If you walk about a block from St. Mary's Church towards State Street, you'll come across St. Peter's Episcopal Church. The congregation, established officially in 1715 at the request of Queen Anne, actually came into existence five years earlier as part of an Anglican missionary movement headed by Thomas Barclay, The original intent of the mission was to convert local Iroquois, but finding little success in this, Barclay began to minister to the British locals and some of the Dutch families in the area.
Mirroring St. Mary's, St. Peter's is also the third incarnation of the original church. Completed in 1717, the first building featured a simple design that remained unchanged (with the exception of the addition of a steeple in the 1750s) until the construction of the second building in 1803. It was during this time in 1758, that St. Peter's became the final resting place of Lord Howe, the commander of the British forces during the French and Indian War. Howe was killed in battle during an attempt to recapture Fort Ticonderoga, which French forces took in 1757. Howe remains the only British peer interred in the United States into the present day.
The second church, also designed by Philip Hooker, would only last about sixty years before the third and current design would be built.

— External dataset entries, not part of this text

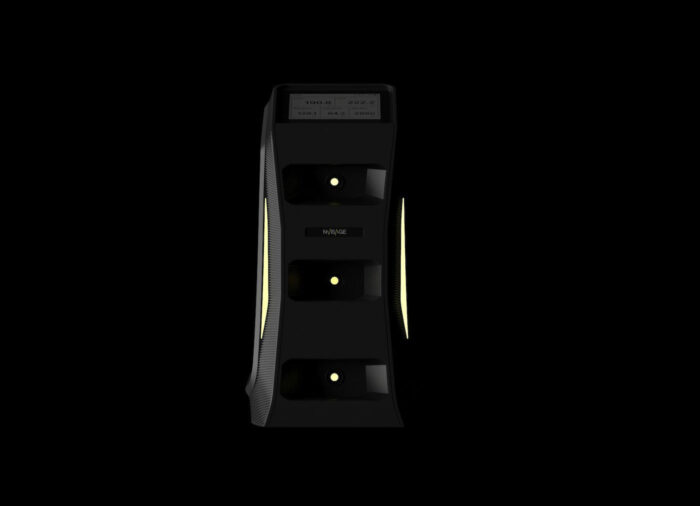 NVISAGE NEO-E Triple Camera Golf Launch Monitor - Image 4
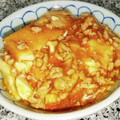 まんまるタマゴ君's cooksnap of when they made 厚揚げと挽き肉の煮物.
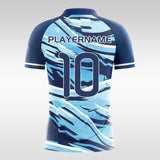 Cuperiority- Men's Sublimated Soccer Jersey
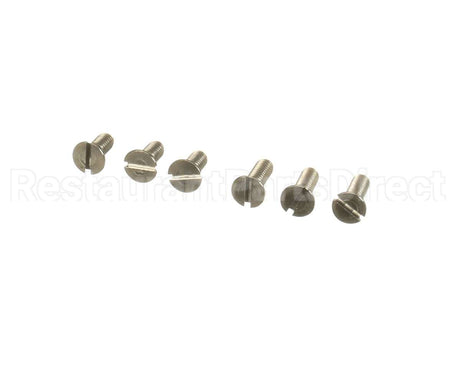 49158 Robot Coupe Kit Screws+Nuts For Baskets J80-J100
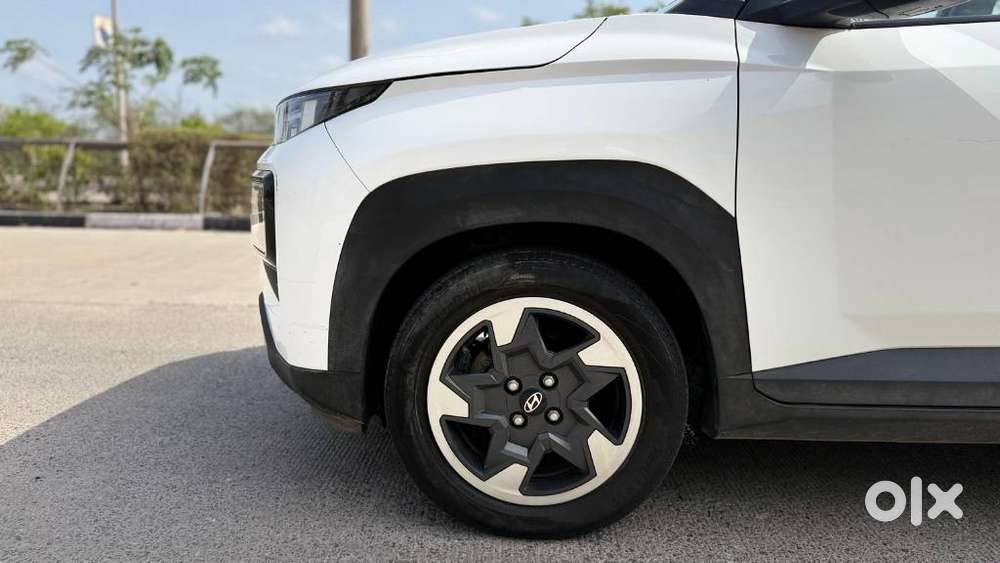 Hyundai Exter Sx 1.2 Cng Mt, 2024, Petrol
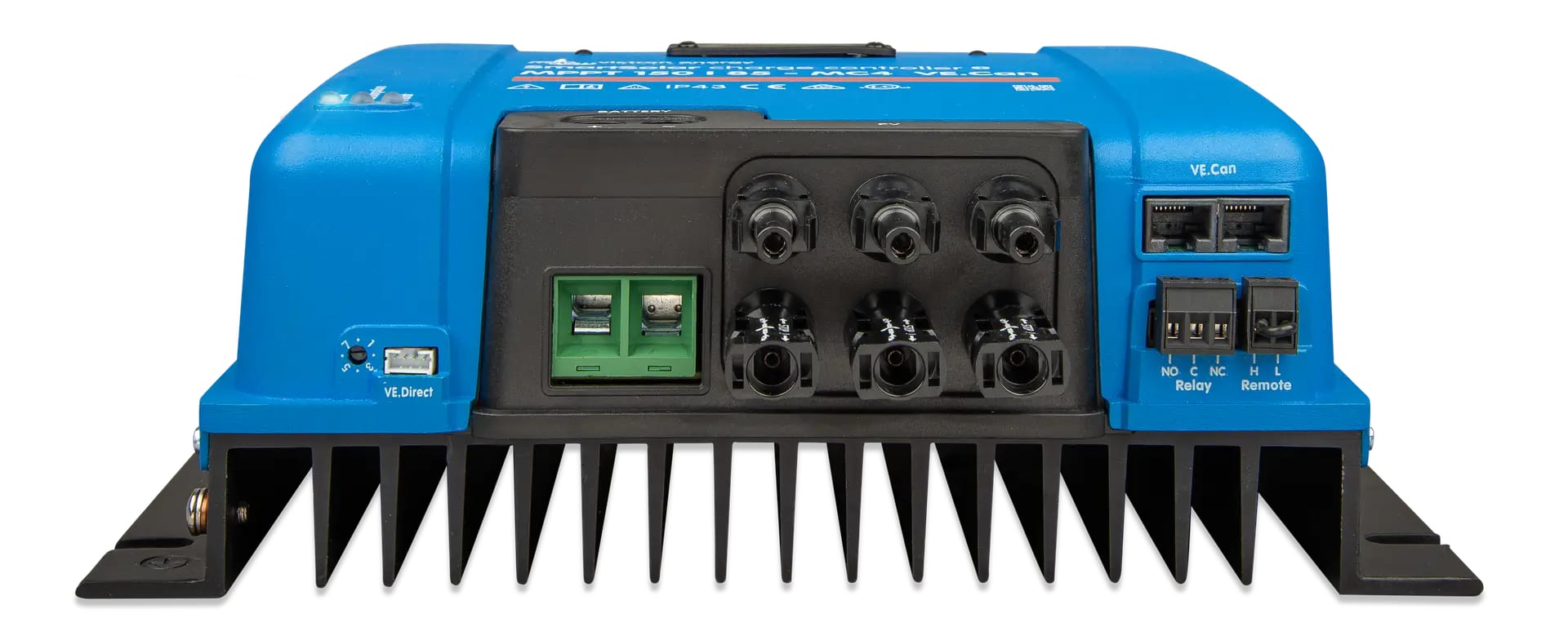 Regulator Solar Victron SmartSolar MPPT 150/85 VE.Can 4880W - imagine 7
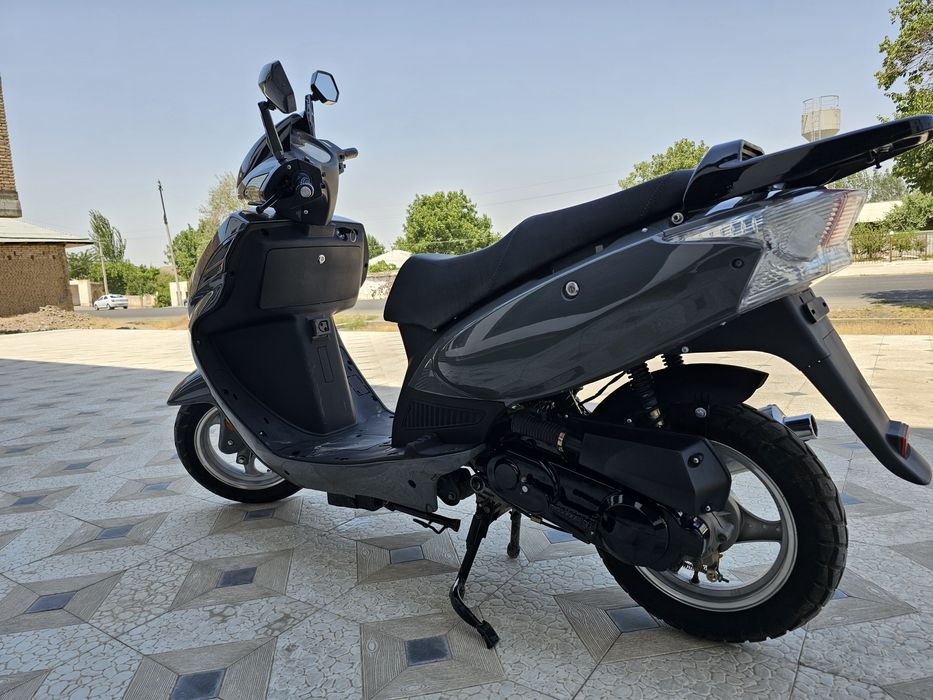 Real moto 80kub idialny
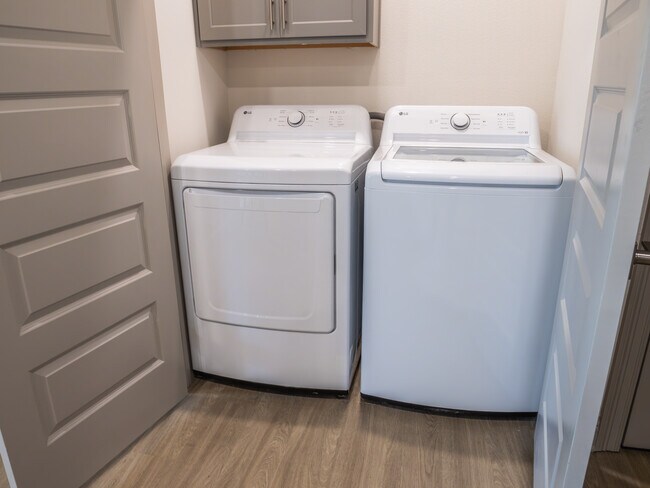 The Zulu: 1BR, 1BA- Kitchen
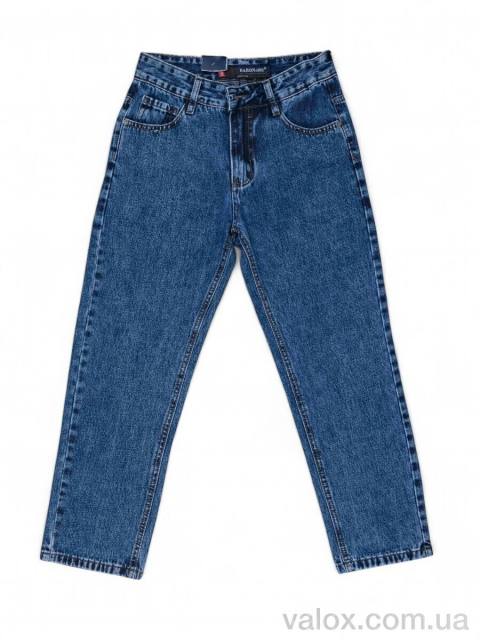 Дитячі джинси оптом (129-1 підліток)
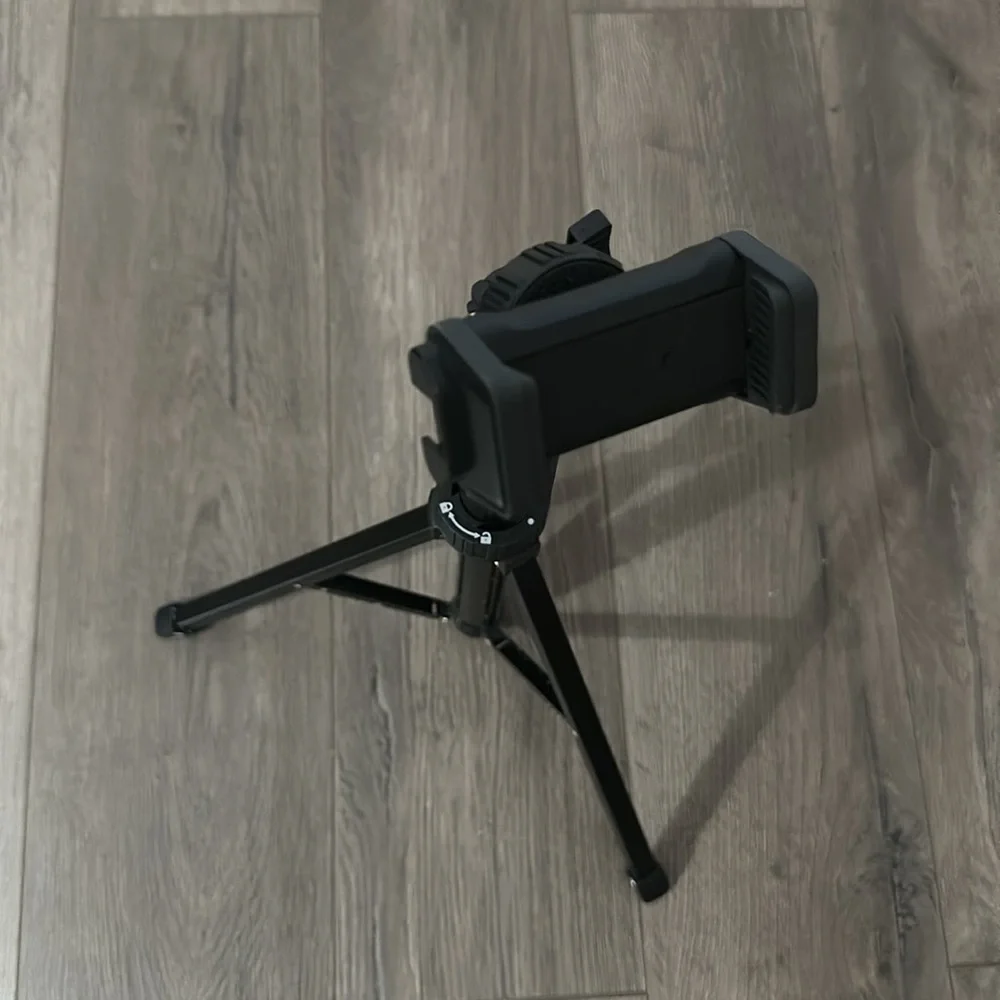 62” tripod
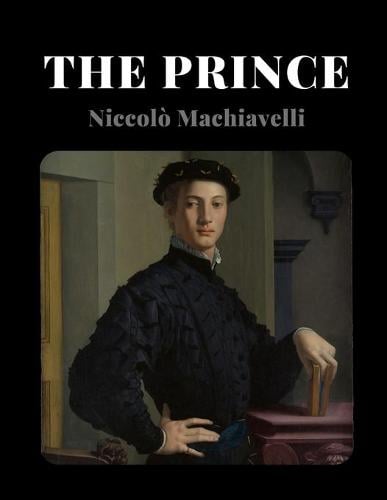 The Prince By Niccolo Machiavelli By W K Marriott Niccolò Machiavelli Waterstones 3559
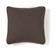 Декоративная подушка, L'appartement, Fresno, 40x40, Коричневый, 1 шт.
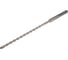 Бур по бетону и кирпичу 2 кромки, 12x400 мм, SDS-MAX МОS-DISTAR MS-B2CM12Х400 2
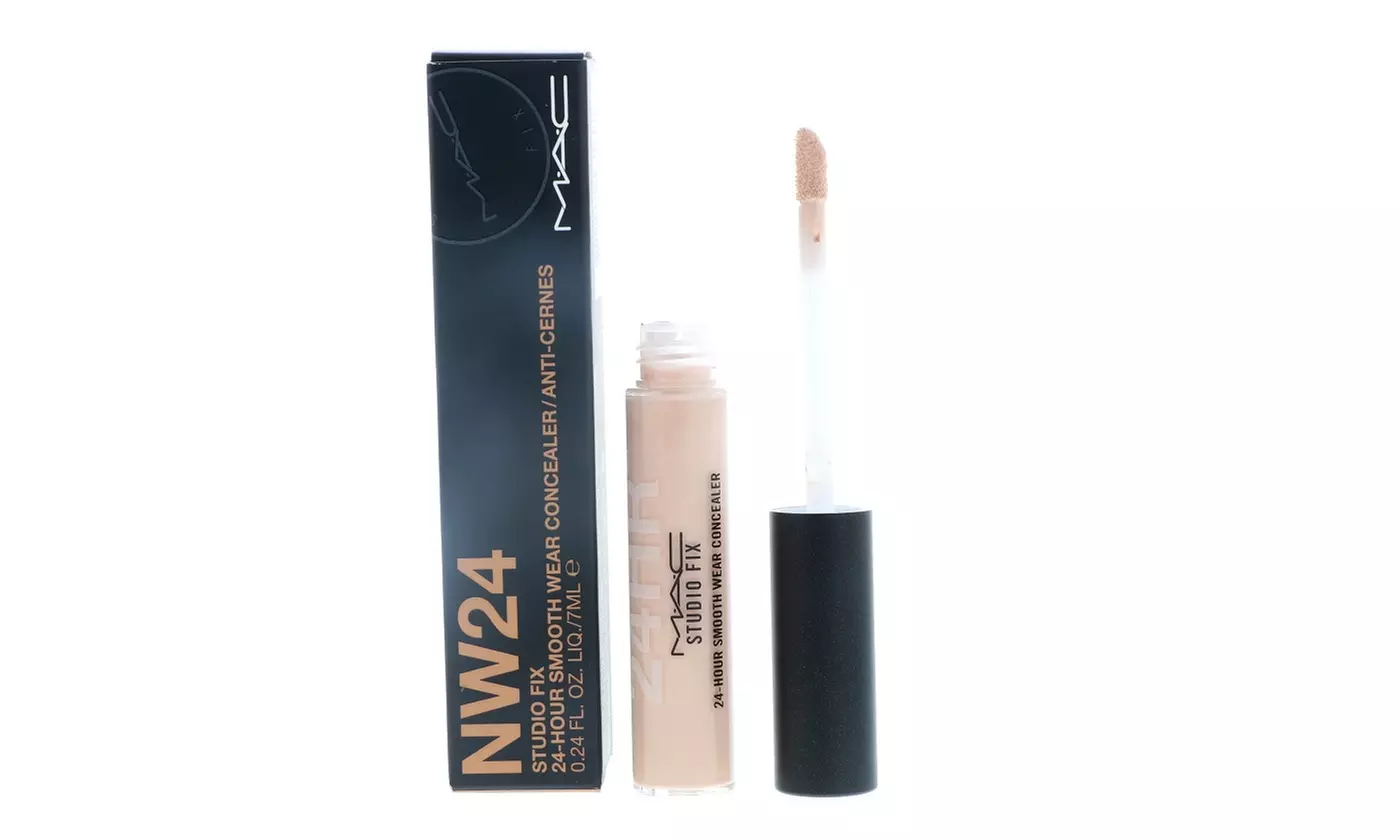 Mac Studio Fix 24 Hour Liquid Concealer NW24 0.23 oz - Primary Image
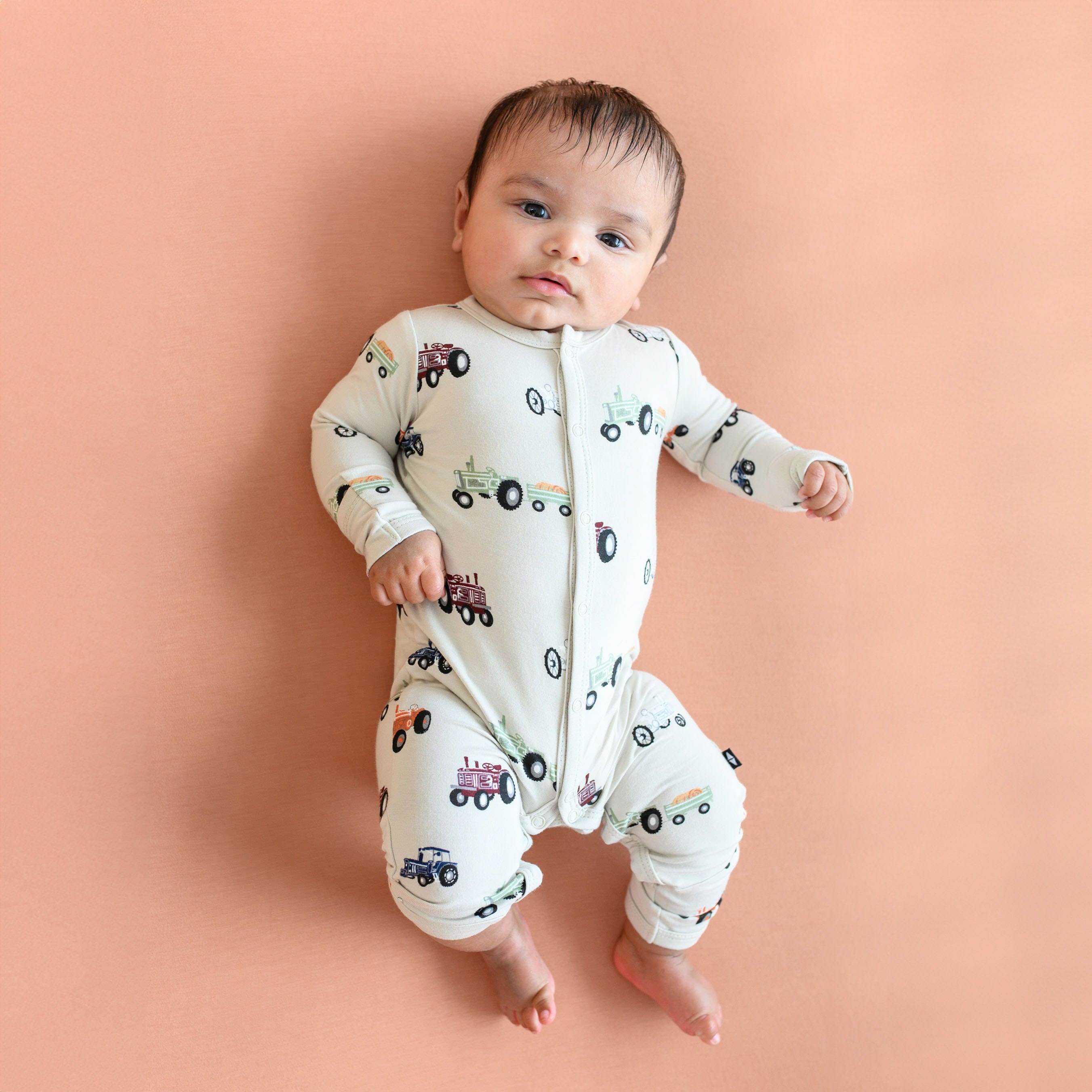 Kyte baby deals bat snap romper 12-18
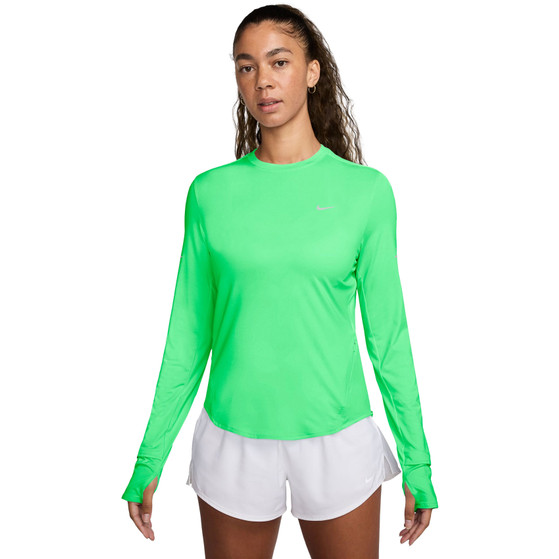 Nike Dri-FIT Swift Longsleeve Half-Zip Dames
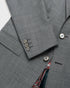 <P>N Fit Debonair Sharkskin Suit Jacket</P>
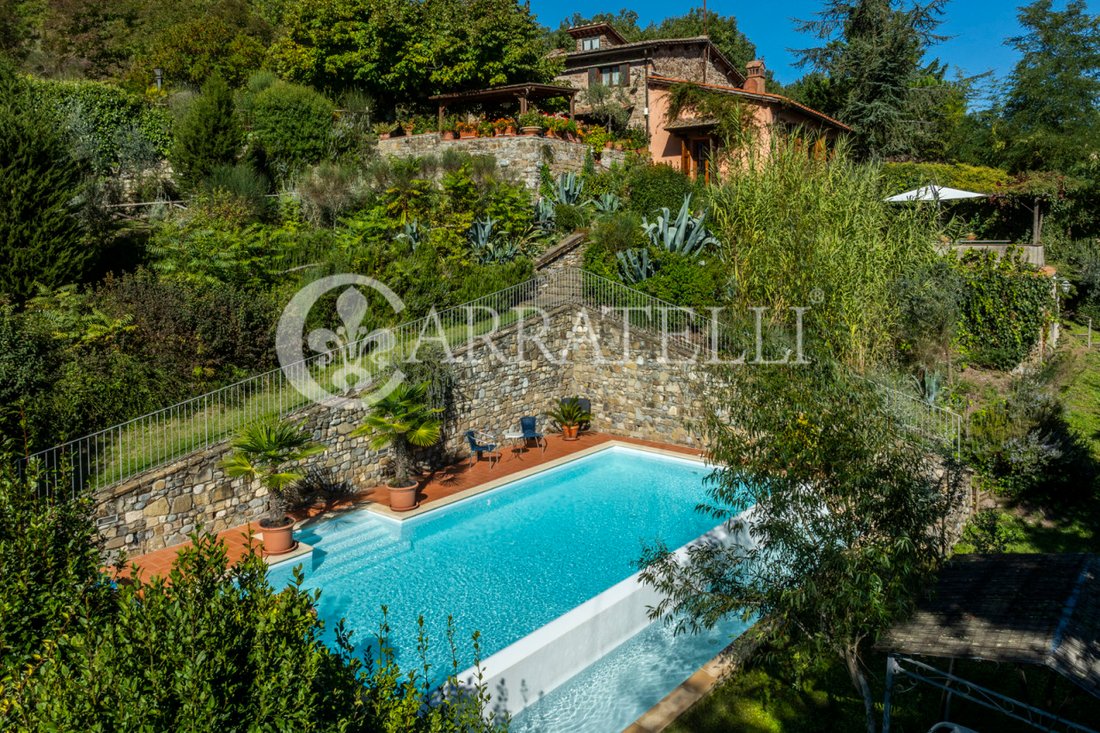 Country House in Lucolena in Chianti, Greve in Chianti, Tuscany 4 - 16484171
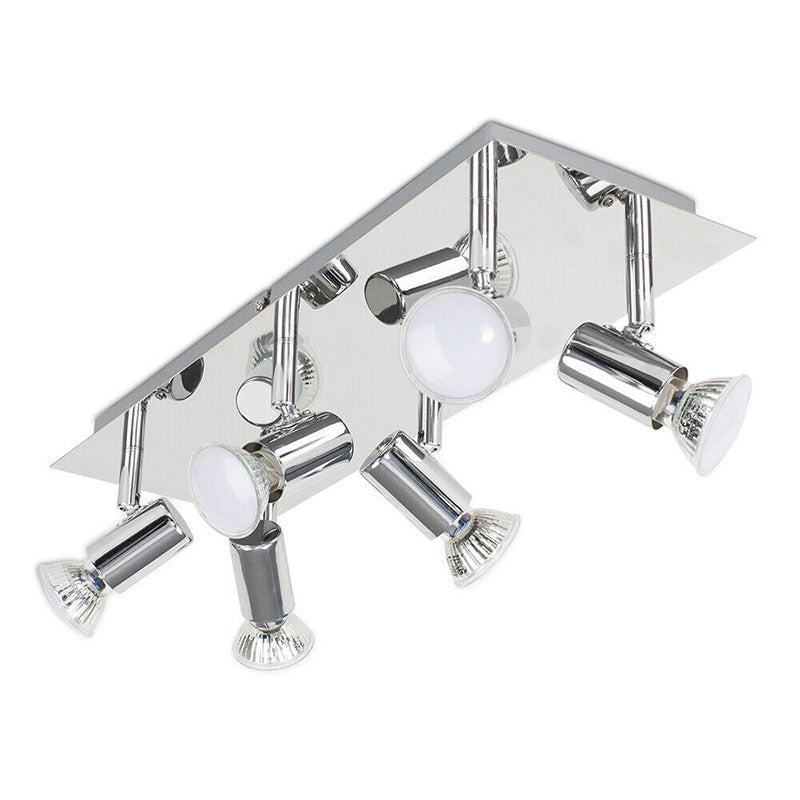 Plafonnier LED KAZACHRO P3 – orientable – vue 1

The third building was drawn up by Richard Upjohn, and his son, Richard M. Upjohn, one of the most prominent ecclesiastical architects of the 19th century. The current building features the Gothic Revival style of architecture, and this can be seen in the exterior of the building, The towers on the right of the church's front are one of the defining features of the Gothic Revival style, and the ornate decoration is distinctly Gothic as well. Regarding the subtitle, the gargoyles on the towers do act as drains for rainwater.
St. Peter's Episcopal Church was added to the National Register of Historic Places in 1972, and also became a National Historic Landmark in 1980.